Mona Shtaya : Parfois, les gens pensent que, si vous vivez sous une certaine autorité, vous élisez cette autorité et que vous vivez dans un système démocratique ; et que vous pouvez leur demander des comptes sur ce qu'ils font. Ce n'est pas exactement le cas en ce qui concerne la Cisjordanie. Les Palestiniens de Cisjordanie vivent sous la même Autorité palestinienne depuis 2006, et nous n'avons même pas essayé d'organiser des élections depuis. Il y a un manque de transparence, un manque d'intégrité. Vous ne pouvez pas leur demander des comptes parce que vous ne les avez pas élus, qu'ils sont au pouvoir et que vous ne savez pas comment les choses fonctionnent. L'autorité assume un rôle plus administratif, s'occupant de l'éducation, du système de santé et d'autres choses. Je crois que l'Autorité palestinienne consacre environ 28 % de son budget public à la sécurité. Mais en fin de compte, les Palestiniens ne se sentent pas en sécurité chez eux.
MTM : Qu'est-ce qui doit changer pour que la technologie travaille en faveur des gens et non contre eux ?
Mona Shtaya : Il faut changer la façon dont la technologie est réglementée. Aujourd'hui, nous constatons que les habitants des pays à majorité mondiale sont à la traîne en ce qui concerne les réglementations susceptibles de les protéger. Nous devons réfléchir collectivement à ce type de réglementation. Les réglementations qui existent sont principalement actives dans les pays du Nord, mais nous devons protéger les populations du monde entier contre l'utilisation néfaste des technologies et nous devons être en mesure de demander des comptes aux bonnes personnes. Si nous regardons les États-Unis actuellement, l'alignement entre les oligarques de la technologie et l'administration américaine que nous observons va clairement dans la mauvaise direction.

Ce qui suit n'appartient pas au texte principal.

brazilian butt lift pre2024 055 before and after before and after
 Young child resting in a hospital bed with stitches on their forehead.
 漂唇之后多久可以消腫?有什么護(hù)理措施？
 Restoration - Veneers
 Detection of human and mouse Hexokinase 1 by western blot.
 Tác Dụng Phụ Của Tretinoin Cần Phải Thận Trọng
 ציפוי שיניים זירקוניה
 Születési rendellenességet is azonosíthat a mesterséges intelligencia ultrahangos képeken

Si les États-Unis installent un système d'autoritarisme numérique, alors nous devons considérer que les systèmes d'auto-gouvernance que ces entreprises sont censées utiliser pour s'autoréguler ne fonctionnent plus. Nous devons également unir nos forces à celles d'autres décideurs politiques et gouvernements progressistes et les laisser jouer un rôle de premier plan dans l'application des réglementations afin de s'assurer que ces entreprises sont tenues pour responsables.